I might add to this that atheists generally cannot distinguish between 'Golden Rule' common decency - a self-interested practice of public goodness in the hope of securing a return from ones' fellow creatures, with the belief that one must love God above all things, and love one's neighbour as oneself, a wholly different and much tougher proposition.
The two examples of moral sophistry I always come up with here are:
Number one - (for liberal leftists) abortion, which secular sophists quickly conclude is not the meaningful killing of an innocent person but the justified removal of a 'foetus' or 'blob of jelly' which is not properly human and whose removal therefore involves no moral breach.
Number two - (for patriotic conservatives) the bombing and burning to death of women and children in their homes, provided the regime of the country involved is sufficiently wicked on the Hitler-Stalin scale. These hideous killings (of unquestionably sentient but wholly innocent beings) are justified and excused by the higher purpose of saving the country from a dreadful enemy. Anyone who raises doubts about this is drowned out by false accusations that such protestors are equating the bombing of Dresden with the Holocaust.

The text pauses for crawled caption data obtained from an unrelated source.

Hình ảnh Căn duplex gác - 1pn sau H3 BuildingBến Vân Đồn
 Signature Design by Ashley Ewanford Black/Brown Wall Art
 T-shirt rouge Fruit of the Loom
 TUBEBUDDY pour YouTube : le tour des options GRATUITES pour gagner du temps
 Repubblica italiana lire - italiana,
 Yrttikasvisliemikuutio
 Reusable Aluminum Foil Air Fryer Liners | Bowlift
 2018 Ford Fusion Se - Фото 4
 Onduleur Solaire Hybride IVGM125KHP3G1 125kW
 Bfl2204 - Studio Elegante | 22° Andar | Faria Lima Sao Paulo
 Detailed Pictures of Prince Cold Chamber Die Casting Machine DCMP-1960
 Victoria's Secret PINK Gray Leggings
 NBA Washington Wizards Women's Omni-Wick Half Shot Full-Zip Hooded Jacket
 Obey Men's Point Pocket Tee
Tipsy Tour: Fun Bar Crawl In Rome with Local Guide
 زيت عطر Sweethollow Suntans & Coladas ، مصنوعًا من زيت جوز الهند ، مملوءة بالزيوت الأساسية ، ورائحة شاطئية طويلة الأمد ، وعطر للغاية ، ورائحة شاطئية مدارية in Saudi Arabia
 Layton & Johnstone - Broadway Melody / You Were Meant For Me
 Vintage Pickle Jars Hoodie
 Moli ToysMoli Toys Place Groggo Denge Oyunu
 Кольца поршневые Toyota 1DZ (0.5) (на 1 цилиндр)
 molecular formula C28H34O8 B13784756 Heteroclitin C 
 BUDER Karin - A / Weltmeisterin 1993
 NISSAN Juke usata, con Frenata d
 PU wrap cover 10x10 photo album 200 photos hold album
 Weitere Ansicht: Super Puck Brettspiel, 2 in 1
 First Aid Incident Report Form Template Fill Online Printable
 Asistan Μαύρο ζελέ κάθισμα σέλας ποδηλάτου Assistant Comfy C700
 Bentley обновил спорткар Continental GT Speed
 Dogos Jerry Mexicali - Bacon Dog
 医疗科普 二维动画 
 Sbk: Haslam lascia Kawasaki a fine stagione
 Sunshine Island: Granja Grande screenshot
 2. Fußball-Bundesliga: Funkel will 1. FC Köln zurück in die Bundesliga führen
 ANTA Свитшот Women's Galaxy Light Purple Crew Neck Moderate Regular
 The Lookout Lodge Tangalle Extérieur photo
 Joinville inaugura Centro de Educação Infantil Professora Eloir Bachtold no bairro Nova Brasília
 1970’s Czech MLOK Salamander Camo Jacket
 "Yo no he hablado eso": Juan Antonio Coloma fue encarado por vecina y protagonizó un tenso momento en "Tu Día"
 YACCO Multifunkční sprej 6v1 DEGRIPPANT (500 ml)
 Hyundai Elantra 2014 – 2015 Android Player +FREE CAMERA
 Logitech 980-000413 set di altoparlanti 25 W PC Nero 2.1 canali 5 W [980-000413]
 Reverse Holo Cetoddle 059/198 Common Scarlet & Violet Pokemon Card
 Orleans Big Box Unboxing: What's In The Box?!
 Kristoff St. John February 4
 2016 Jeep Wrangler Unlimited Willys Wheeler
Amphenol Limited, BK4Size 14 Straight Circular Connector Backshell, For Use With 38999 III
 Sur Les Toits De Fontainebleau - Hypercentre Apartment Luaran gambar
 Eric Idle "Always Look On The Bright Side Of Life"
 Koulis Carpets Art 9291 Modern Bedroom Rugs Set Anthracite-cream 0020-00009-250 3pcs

Personally I regard the Holocaust as a distinct and unique crime, considerably more wicked than the bombing of Dresden. But this does not in any way overcome the problem that the bombing of Dresden was morally wrong too.
Paradoxically, many of the liberal defenders of abortion will condemn the bombing of Dresden, but quite large numbers of them could be found to defend the more recent bombing of Belgrade (which the British left were in general happy with), and a significant number of secular leftists also defend the bombing of Baghdad and the bombardment of Fallujah.
So when 'Tony' asks petulantly: 'Are you seriously suggesting that people who have no active belief in a higher Deity are somehow inherently lacking a sense of moral code? That unbelievers are somehow lacking in compassion for others?'...my answer is 'No'. That's not what I said, and 'Tony' has absolutely no basis, save his own rush to judgement, for concluding that this is what I said.
Nor is it what I think. Unbelievers are quite capable of having and following a moral code. Who could doubt it? I never have. But they will be borrowing that moral code from religion, and would have no basis for distinguishing between right and wrong if religion didn't provide it for them.
But it's what I knew 'Tony', and everyone like him, would immediately convince himself I had said. They almost all, almost always, do it.
Here's what I did say: 'All the categories of good and evil employed by the Godless are in fact religious categories. They cannot acknowledge this, for two reasons.
'One, because it would make them look silly to admit it, and expose one of the large holes in atheist certainty which are at least as embarrassing to the Godless as the more arcane claims of Christianity are to the believer.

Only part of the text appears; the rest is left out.